Are you starting out with a N2 or inert gas blanket and actuating the vacuum breaker when the pump-out rate is high? I caution you about instrumenting or operating the tank that way with a potentially dangerous, low FP chemical like O-Xylene. Any static buildup or spark could ignite the very dangerous vapors in the tank, resulting in a major catastrophe. I sincerely hope this is not the situation.

 

[Assumptions]

Here is an MSDS for your substituted benzine derivative.

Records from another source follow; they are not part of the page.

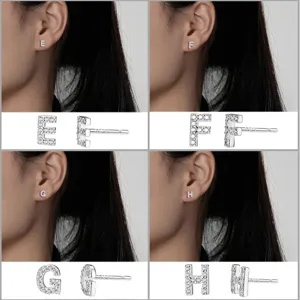 S925 Sterling Silber Mikro-Pave Zirkonia Buchstaben Ohrstecker Damen Schmuck Geschenke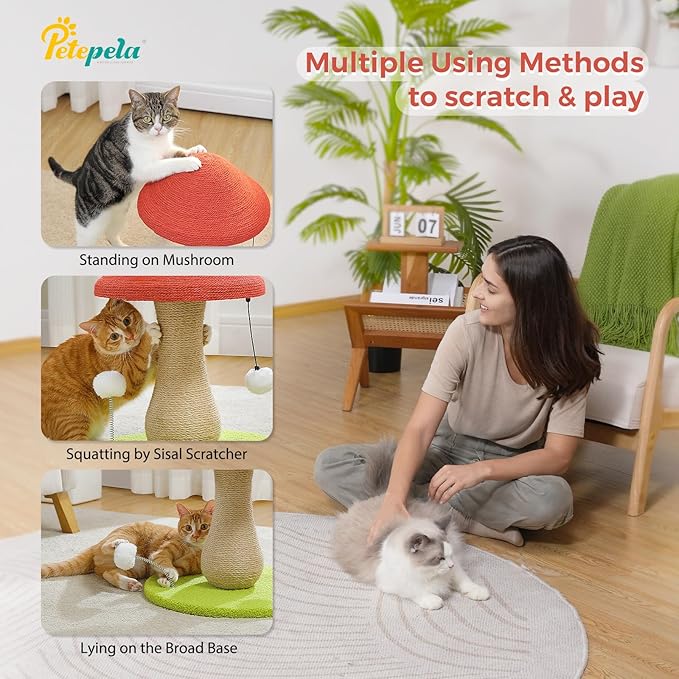 PETEPELA Flower Cat Tree for Indoor Cats, 31.5'' Small Cat Tower Cat Condo with Sisal Scratching Ramp+Mushroom Cat Scratching Post, Cat Scratcher Cute with 100% Sisal Covered Scratching Post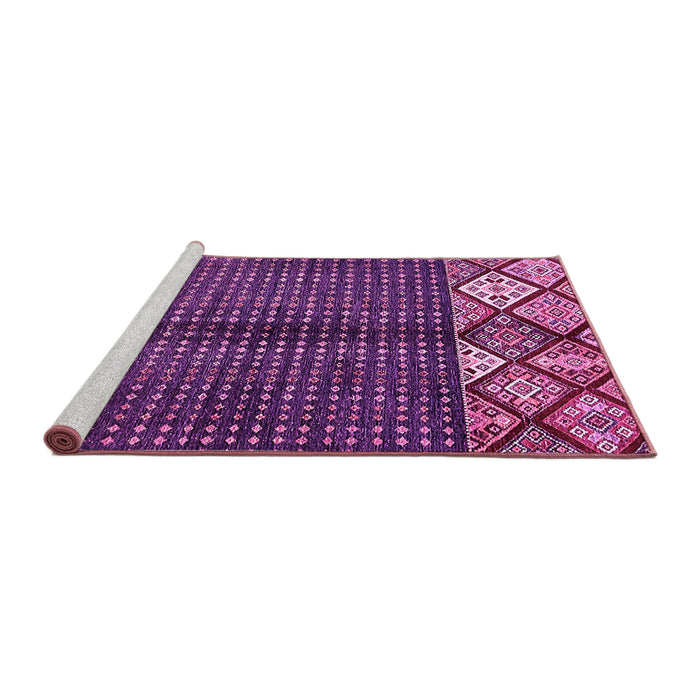 Sideview of Machine Washable Abstract Pink Modern Rug, wshabs411pnk
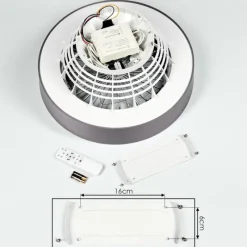 hofstein Ventilateur de plafond Moli LED Gris, Blanc, 1 lumière, Télécommandes
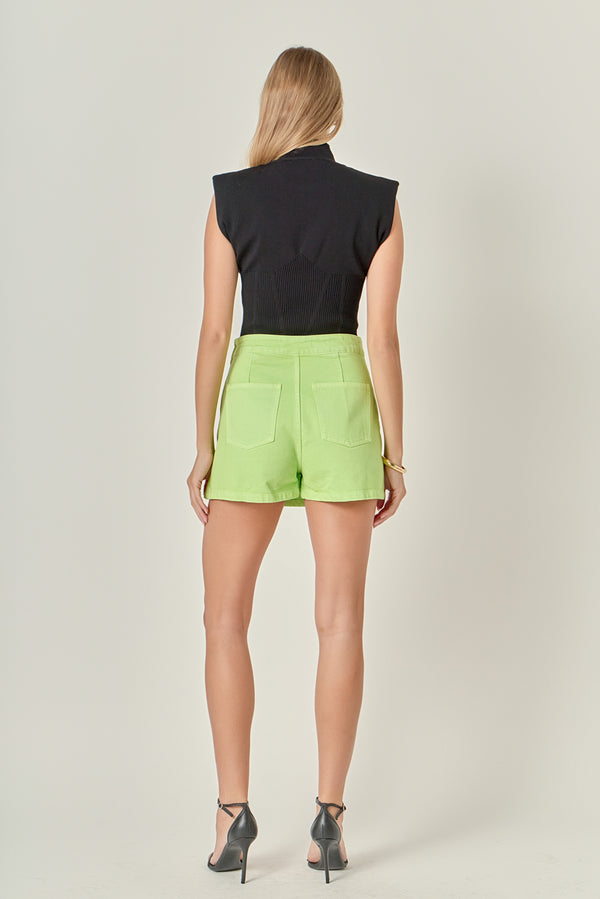 English Factory High-waisted Denim Mini Skort LIME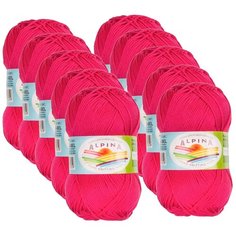 Пряжа Alpina Anabel, 100 % хлопок, 50 г, 120 м, 10 шт., №105 св.красный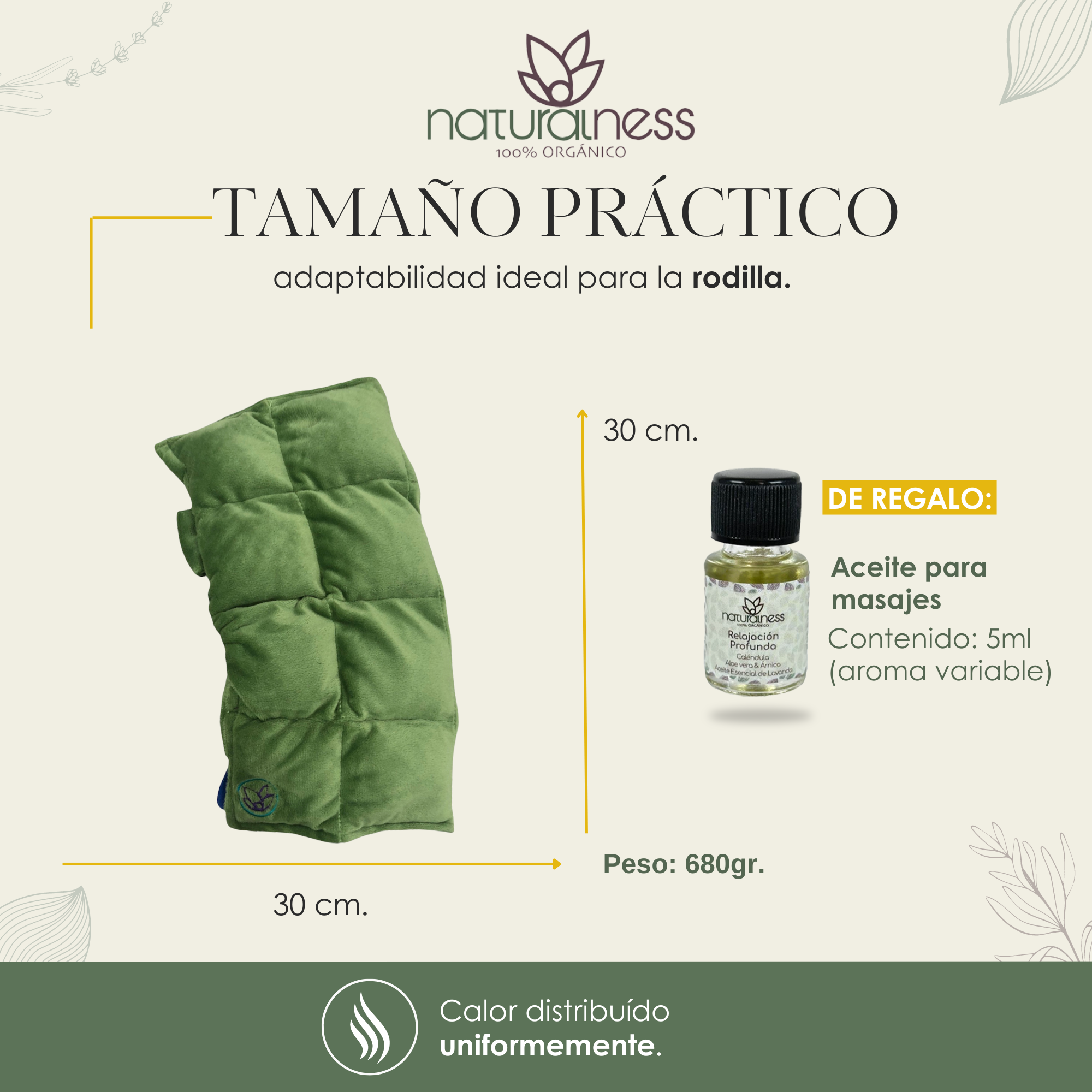 Foto 5 pulgar | Compresa Rodilla Naturalness Compresa + Aceite 5ml Verde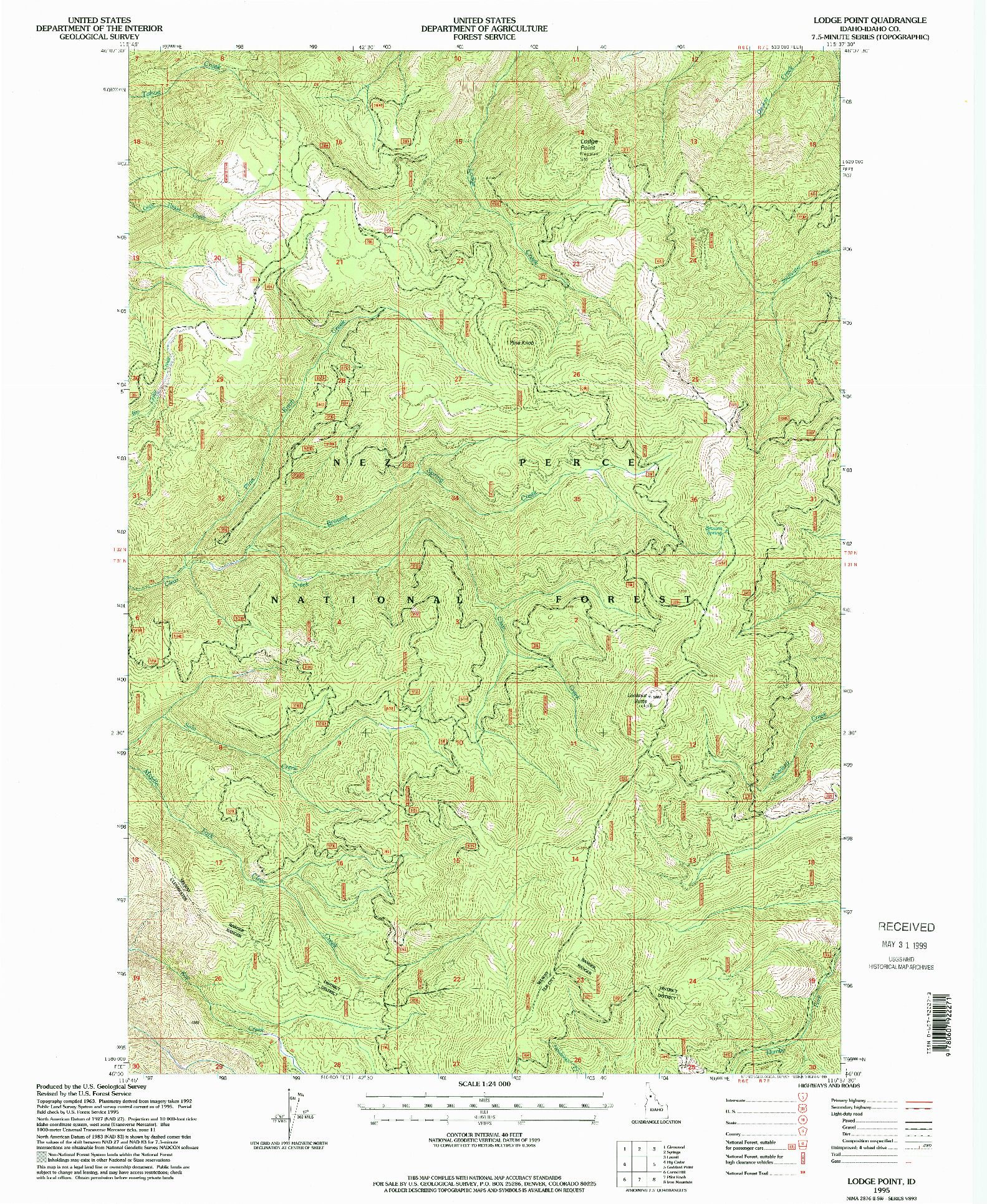 USGS 1:24000-SCALE QUADRANGLE FOR LODGE POINT, ID 1995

http://physchem.ox.ac.uk/MSDS/XY/o-xylene.html

Having been involved in a BTX plant years ago, I am surprised that these things are still connected to the atmosphere.

 

[cntrlee]

The existing atmospheric storage tank does not presently have an N2 Blanket. Presently, investigating whether or not to apply N2 Blanketing to existing vessel to mitigate possible flammability issues associated with storing o-xylene with the use of PVRV valving for inbreathing of atmospheric air into vapor space during pump out of process fluid.

 

[Montemayor]

cntrlee:

Granted, you're going to draw-down your vapor space pressure (N2) when you draw-down your O-Xylene inventory. However, when you get to the set point, the N2 supply control valve should activate to maintain the positive N2 pressure in the vapor space. Of course, at this point, you will "compress" the N2 vapor space when you subsequently pump in more O-Xylene and your pressure relief valve will open to relieve the excess N2 to the atmosphere. You'll waste the N2 used to keep the tank pressure positive. Sorry, but that's the price of N2 venting unless you select another system.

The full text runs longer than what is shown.